Jack McCullough, founder and president of Chief Executive Group’s CFO Leadership Council, was surprised by an email he received recently. A member of the group had reached out for help with her salary negotiations, and she noted that the board had referred to her as a “glorified controller.”

“I thought it was an unfair label,” McCullough noted in an impromptu Zoom meeting he called on Thursday to discuss the issue. “She’s run complex finance organizations, including her current one.”

CFOLC members responded enthusiastically to the meeting, with over 100 people showing up. (If you’re interested in becoming a member of the CFOLC community, you can join here.) A quick poll found more than a quarter of attendees had a similar experience—and many were struggling with how to forge a relationship with their board.

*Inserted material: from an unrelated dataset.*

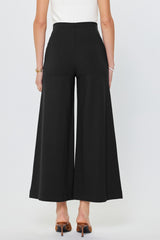 High Rise Ponte Flared Pants Black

“The relationship with the board is the toughest part of my job,” said one member. Agreed another, “It can be difficult to manage that relationship—by far, it’s the hardest thing I have to do.”

The hour-long discussion brought up concrete ways to build the relationship, including:

  • Get your CEO on your side. Make sure your CEO is OK with your outreach to board members. Some, especially those with financial experience, don’t immediately see what you can add or feel proprietary about their own role. Keep the CEO in the loop with anything you do.
  • Start with the audit committee. Reaching out to the audit committee and building that relationship first can get you in the door.
  • Be forward-thinking. If you spend all your time looking backward and focused on closing books, you aren’t offering the kind of strategic perspective that can be helpful to the board and make them want to include you.
  • Don’t just present data, make recommendations. Data is critical but use it to have a point of view. “Don’t just dump a lot of data in front of them. Offer analysis and interpretation, then always end with an ask,” recommended one member.

Perhaps most important, give yourself time. Having a good relationship with your board can make a tremendous difference for the company—and for your career. But it doesn’t happen overnight. “You have to reach out, get those meetings, those chances to get to know each other as people,” said one member. Most agreed it can take a year or even two—but the rewards are worth it.